Opinion

Jerome Powell Should Keep the Fed Focused on Jobs

In many ways, new Federal Reserve Chairman Jerome Powell’s first testimony before Congress this week was like what we heard from Ben Bernanke and then Janet Yellen about the Fed’s support for its dual mandate from Congress to promote maximum employment and stable prices. But due to some specific words from Powell, commentators and markets think the Fed may now focus more on preventing inflation and, hence, raise interest rates more aggressively.

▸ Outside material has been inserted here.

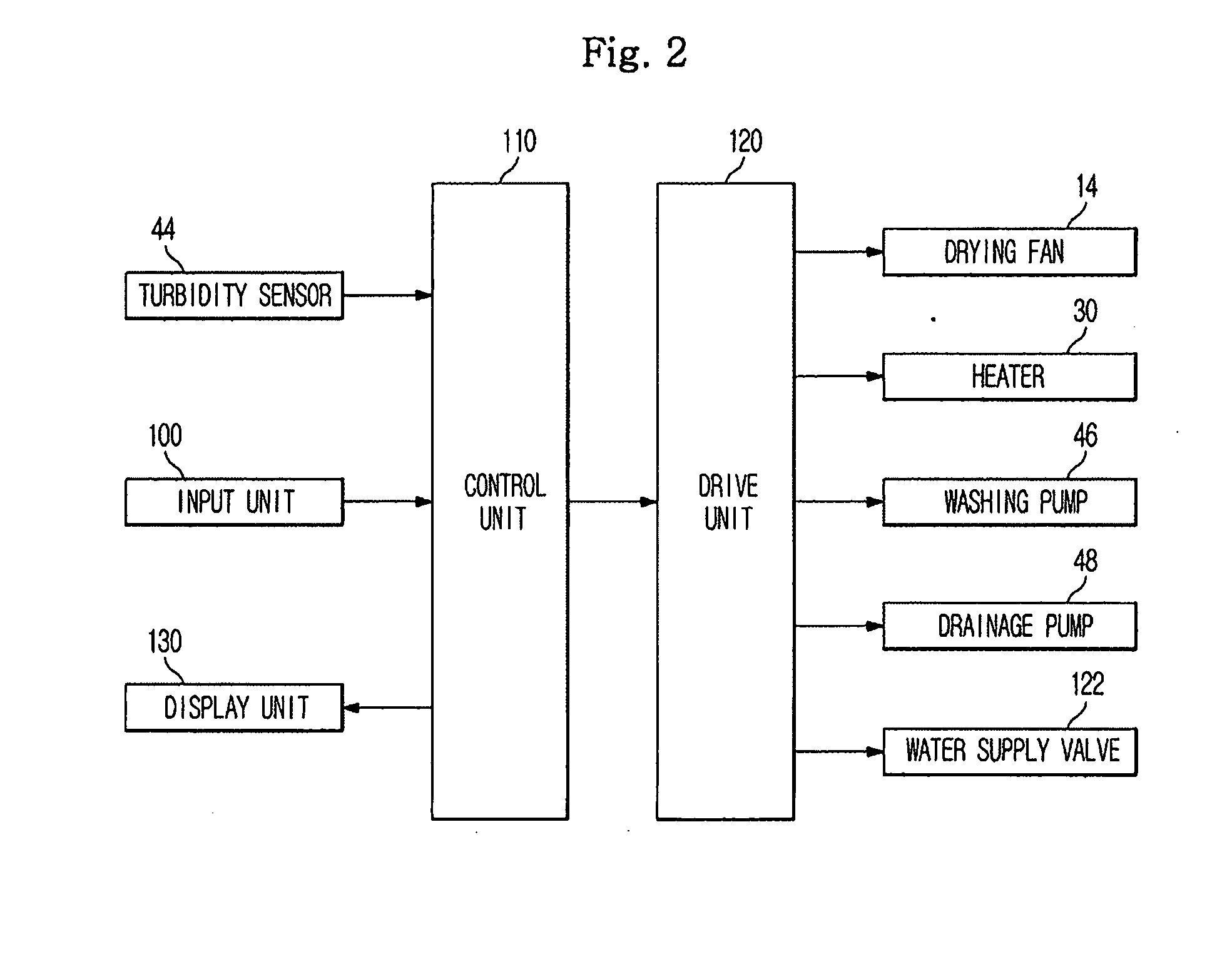 Washing control apparatus and method of dish washing machine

Throughout the recovery from the Great Recession, the Fed under Bernanke and Yellen was cautious about unwinding monetary stimulus — that is, measures like maintaining an historically low short-term interest rate target and buying lots of longer-term assets (quantitative easing) to accommodate strong job growth and rising employment. The Fed’s pursuit of maximum employment did not conflict with its other goal of stable prices since inflation remained below the Fed’s 2 percent target. In fact, the Fed’s persistent failure to reach its inflation target suggests it could have even more aggressively tried to speed up the labor market’s recovery.

Nonetheless, as Powell told a House committee on Tuesday, unemployment has fallen to 4.1 percent, about three quarters of a percentage point lower than a year ago and its lowest level since December 2000. Various other indicators of labor market health also continued to improve over the past year. Yet inflation remains below target. Contrasting the still-improving labor market health and the still-below-target inflation, Powell echoed Yellen’s previous statements. But here’s the twist, as documented by the Fed watcher and economist Tim Duy.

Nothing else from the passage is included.